Kept by the One who never stumbled
Why can Jude be both ferocious and tender on the same page? Because of where his letter lands. He does not end with "so stay vigilant." He ends with a song.
Jude 24-25 — "Now to him who is able to keep you from stumbling and to present you blameless before the presence of his glory with great joy, to the only God, our Savior, through Jesus Christ our Lord, be glory, majesty, dominion, and authority, before all time and now and forever. Amen."
He is able to keep you. After twenty-three verses about creeps, wolves, and the roads of Cain, Balaam, and Korah, the final word is not our alertness but God's grip. This is the gospel underneath all discernment: Jesus walked every road we fail on.
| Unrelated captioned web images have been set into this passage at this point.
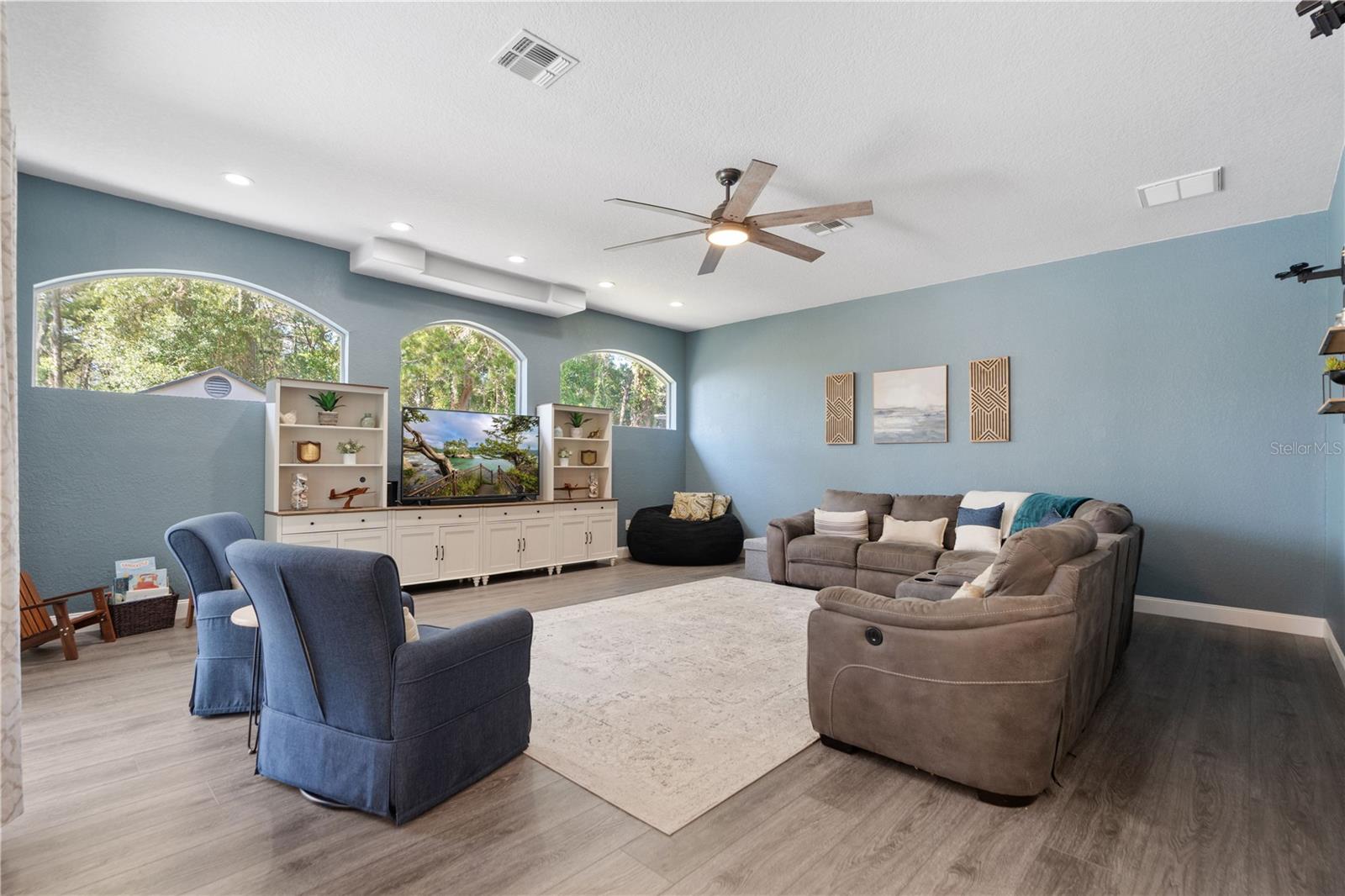 Luxury Vinyl flooring follows through most of the home including the large livi8ng room with recessed lighting.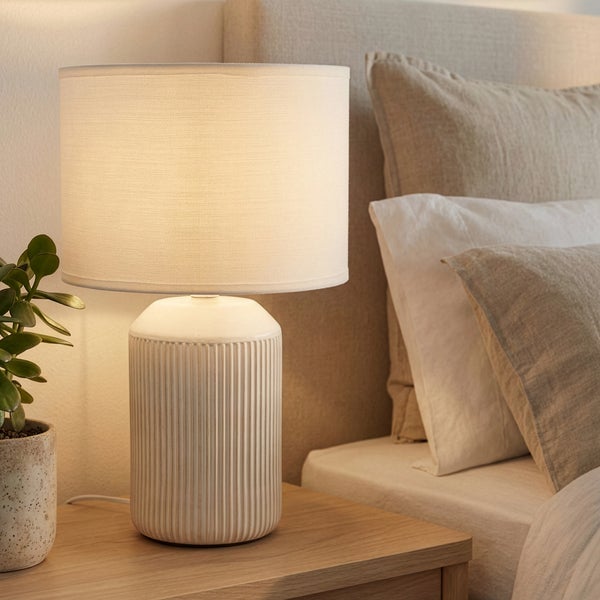 Tischleuchte mit geriffeltem Keramikfuß und Stoffschirm auf einem Holznachttisch neben einem Bett mit Kissen in einem hellen Schlafzimmer.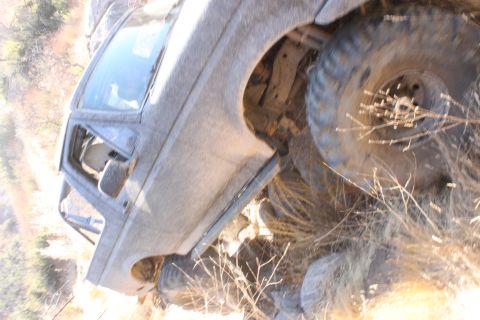 1992 Ford Bronco - This 1992 Ford Bronco is captured in a three-quarter front view, navigating a rocky, off-road environment.
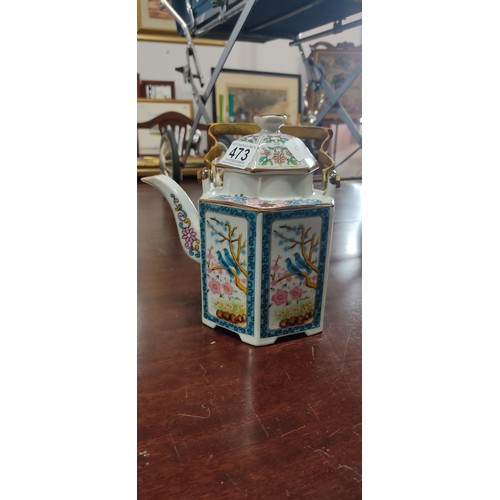 473 - Trio of teapots including a brown ceramic piece with yellow detail, a cobalt blue floral teapot with... 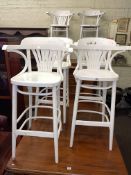 Set of five and one white painted bar stools.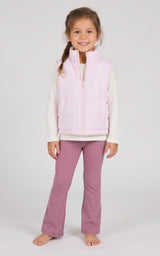 Toddler girl wearing a pale pink quilted zip vest over a white long-sleeve top and mauve flared pants.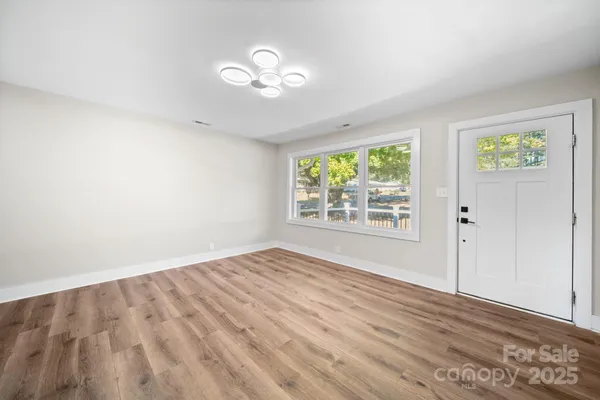 an empty room with wooden floor fan and windows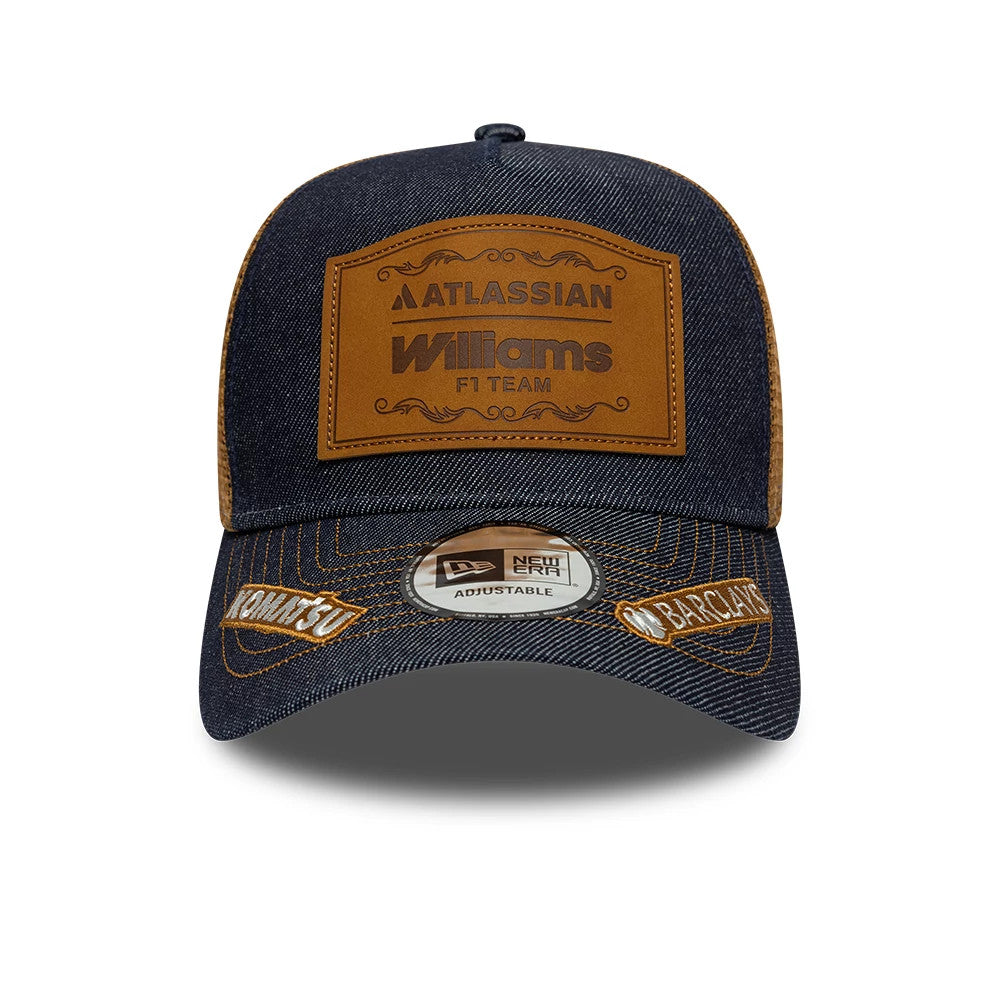 Williams Carlos Sainz Austin Race Special Navy New Era 9FORTY E-Frame Trucker Adjustable Cap, front view showing a brown leather patch with Williams F1 Team logo on the structured navy crown, Komatsu and Barclays logos on the curved visor.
Offered every shortcut Balaam took, he stayed poor. Holding all authority Korah grasped at, he knelt with a towel. Envied and hated as Abel was, he let the violence fall on himself — and his blood, Hebrews says, speaks a better word. He never stumbled, and then he died for stumblers, and rose to present them "blameless... with great joy."
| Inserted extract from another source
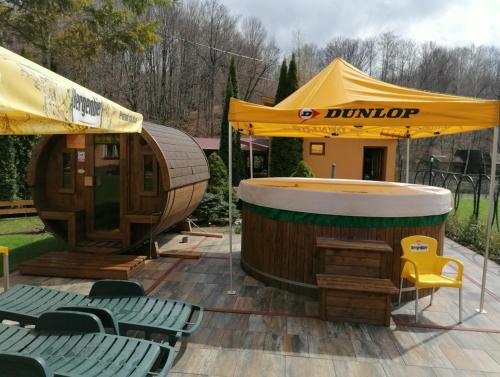 a sauna and a circular building with a tent at Pensiunea Colt Alb in Băile Homorod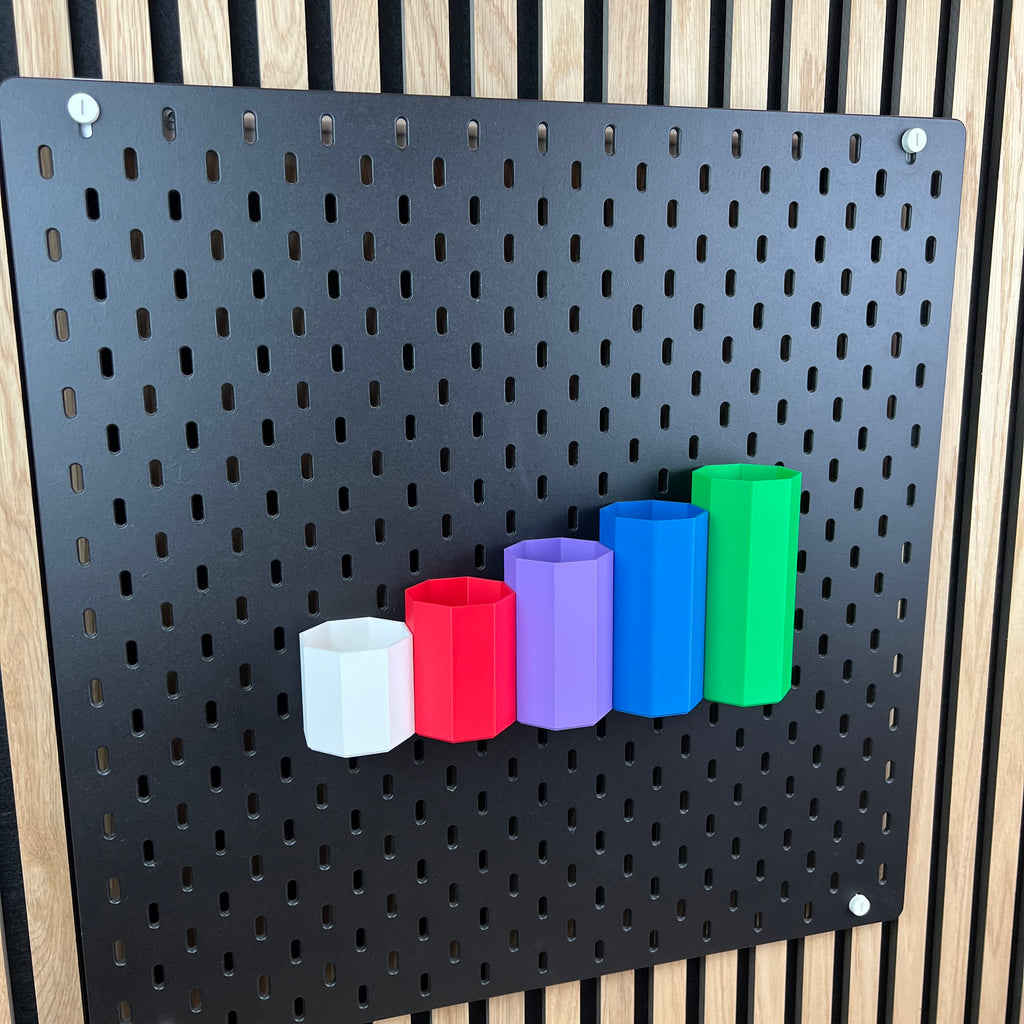 Schwarze Lochwand mit achteckigen Boxen in Weiß, Rot, Lila, Blau und Grün, seitliche Perspektive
Tim Keller compresses that into the sentence every contender needs taped to the mirror:
"The gospel is this: We are more sinful and flawed in ourselves than we ever dared believe, yet at the very same time we are more loved and accepted in Jesus Christ than we ever dared hope." — Tim Keller, The Meaning of Marriage
A person who knows the first half cannot sneer at the deceived — there but for grace go I. A person who knows the second half cannot go soft on the truth — this grace cost the cross, and it is not for sale cheap. Hold both, and you can contend all your life without becoming the bitter version of yourself.
Going Deeper
Think of one real person in your life who is in the orbit of teaching that concerns you — drifting, deconstructing, or dazzled by a voice you distrust. Which of Jude's three categories fits them right now: doubting, in immediate danger, or deeply entangled? Write their name down, choose the matching response — gentle mercy, urgent honesty, or careful, prayerful distance — and take one small step toward them this week. The difference between bitter Christians and discerning ones is usually this: the discerning ones did this exercise with actual people, with actual love.
Key Quotes
“Cheap grace is the preaching of forgiveness without requiring repentance, baptism without church discipline, Communion without confession, absolution without personal confession. Cheap grace is grace without discipleship, grace without the cross, grace without Jesus Christ, living and incarnate.”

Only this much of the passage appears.